Other nurses have similar stories and memories, which still haunt them to this day. Although this was not a combat situation, it was highly stressful and these women were often not properly prepared for the sights and sounds of heavy combat. With such a young military force and a high number of casualties and severely wounded soldiers, morale was low for these women; yet they were forced to be the caregivers and smile, even when all they wanted to do was cry. If any emotion was close to coming to the surface, a woman was expected to leave for a moment to collect her thoughts and return both polished and ready to begin again.
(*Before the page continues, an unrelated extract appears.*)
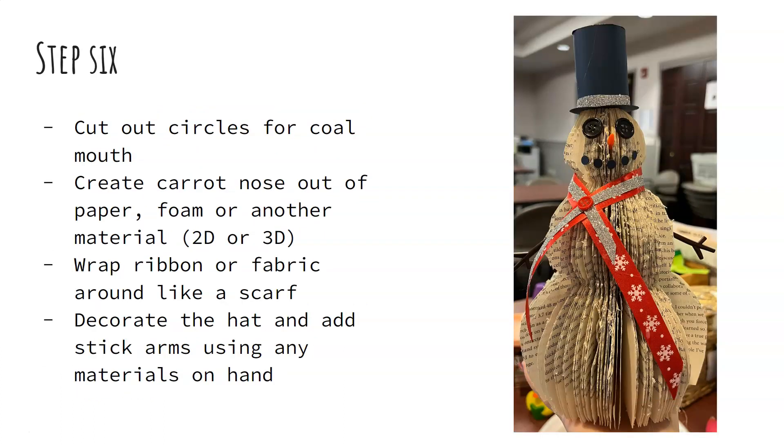For step six, I used a hole puncher with cardstock paper to cut out perfect circles for the coal mouth. I had plastic carrot noses and arms from another kit and used those as well. You could also use ribbon or fabric for a scarf — I glued a glittery ribbon on top of a red ribbon so that it matched the hat and brought it all together, and put a little button right in the middle. You can decorate the hat, give the snowman an outfit if you want — I've seen some people cut the top of a sock off and put it on the body so that it looked like a vest.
Sharon Cummings, a Donut Dolly from April 1966 – April 1967, describes how she would always smile, no matter how she felt: "it got harder and harder to greet all the new guys - many of whom I knew would not make it back to the States alive. I would still be brave and smile every day…" Both nurses and Donut Dollies all felt as though they were part of a team that needed to be strong and nurturing amid the battles and jungles of a relentless war zone. It was this sense of partnership that kept the women of the Vietnam War working 12 – 15 hour days and giving all American soldiers the necessary amount of attention.
- The Forgotten Veterans (source unknown, undated)
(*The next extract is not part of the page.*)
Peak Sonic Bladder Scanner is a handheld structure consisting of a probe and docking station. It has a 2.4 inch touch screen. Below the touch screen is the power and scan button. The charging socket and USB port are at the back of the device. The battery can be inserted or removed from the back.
- Heroines of Healing, by Col. Henry J. Pratt (Army Reserve Magazine Vol. 39, No. 4, Winder 1993/94)
- Book: "Angels in Vietnam: Women Who Served," by Jan Hornung; Call Number: DS559.8.W6 A5 2002
Women Do Not Suffer from PTSD Because Good Girls Did Not Go To War
PTSD was not formally recognized as a mental disorder until 1980, yet it was not until 1992 that women were also accepted as having the disorder and offered their own places for recovery, where all female patients were treated. Prior to the 1980’s PTSD was often referred to as "shell shock," "combat neurosis," "feigning illness" or "combat exhaustion." PTSD is essentially chronic and/or delayed depression which is manifested in several ways: preferred self isolation, uncontrollable rage, avoidance of feelings and alienation from friends, spouses and family, anxiety, survival guilt, sleep disturbance and nightmares and intrusive thoughts. Not all who are diagnosed with PTSD will exhibit all of the above symptoms, and symptoms will be varied from person to person. Unlike the typical male who suffers from PTSD, the typical female will be highly successful, often earning one or two graduate degrees and holding prestigious jobs. However these things are accomplished to fend off depression, anxiety, suicidal thoughts and sleepless nights as it was normally not accepted for a woman to outwardly express rage. It was a common belief that "good girls don’t go to war," which caused many women veterans to not talk about their service, even to employers, spouses and family members. Many suffer from guilt as well, however it is because they feel that they could have contributed more, even though they did all that they could.
- Lipstick and a Smile: Story of One Nam Nurse, by Helen White (2003)
- The Nurses of Vietnam, Still Wounded, by Laura Palmer (The New York Times Magazine, November 7, 1993)
Recognition and Remembrance
In 1984 a former Army nurse who served in Vietnam, Diane Carlson Evans, began work to appropriately honor all women Vietnam veterans. In October of 1988 her work came to fruition as legislation signed by President Reagan authorizing the Vietnam Women’s Memorial Project to erect a monument on Federal land was unanimously approved by Congress. Then on November 11, 1993, Veterans Day, women veterans were finally honored for their dedication and skill during the Vietnam War. The Vietnam Women’s Memorial was dedicated on this day in Washington, D.C. in the presence of a large crowd for both women and men. The bronze statue was erected near the Wall, a memorial with the names of over 58,000 Americans who perished during the war, eight of which are women. The statue was created by the famous Glenna Goodacre and depicts three female nurses in fatigues. One nurse looks to the sky in search of a medevac helicopter, another cradles a wounded male soldier and the third nurse kneels in shock, realizing the horrors of the war.